D’abord, contre Pascal Tsaty Mabiala à l’occasion des législatives et des locales du 16 juillet 2017. Entre les deux, une course à l’échalote est engagée pour le leadership de l’Opposition. A qui va échoir le statut du chef de l’opposition et les avantages y afférant ? Ensuite, contre Euloge Landry Kolelas du MCDDI. Un match, arbitré par Denis Sassou Nguesso, se joue dans l’hémicycle entre les deux frères. Qui obtiendra le plus grand nombre de députés ? Denis Sassou Nguesso saura-t-il récompenser ses serviteurs les plus zélés ?

Les deux camps de l’opposition ont des arguments à faire valoir. Denis Sassou Nguesso n’a fait aucune concession et déroule son calendrier. Devrait-on participer à des élections dont les dés sont pipés et les résultats connus d’avance ? Devrait-on faire fonctionner un parti politique sans élus et donc sans argent ? Des formations politiques privées de représentants dans les différentes structures politiques et administratives peuvent-elles être considérées comme des coquilles vides ?

Sassou aura-t-il la magnanimité de nommer un nombre suffisant de députés Youki pour former un groupe parlementaire ? On craint que non. Dans ce cas s’il y va ce serait pour un plat de lentilles.

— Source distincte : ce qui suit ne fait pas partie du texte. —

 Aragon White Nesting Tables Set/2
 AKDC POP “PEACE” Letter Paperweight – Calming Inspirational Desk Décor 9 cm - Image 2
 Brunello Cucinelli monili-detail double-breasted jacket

Même privés d’élus et de fonds, l’UDH Youki et l’UPADS resteront les plus grands pourvoyeurs de militants et sympathisants. Ces deux formations politiques brillent par leur capacité de mobilisation et de nuisance aussi. La politique de la chaise vide peut se révéler comme un couteau à double tranchant. La stratégie du béni oui oui devrait être utilisée à bon escient avec cette crainte que Sassou ne prenne toute l’Opposition pour du pain bénit.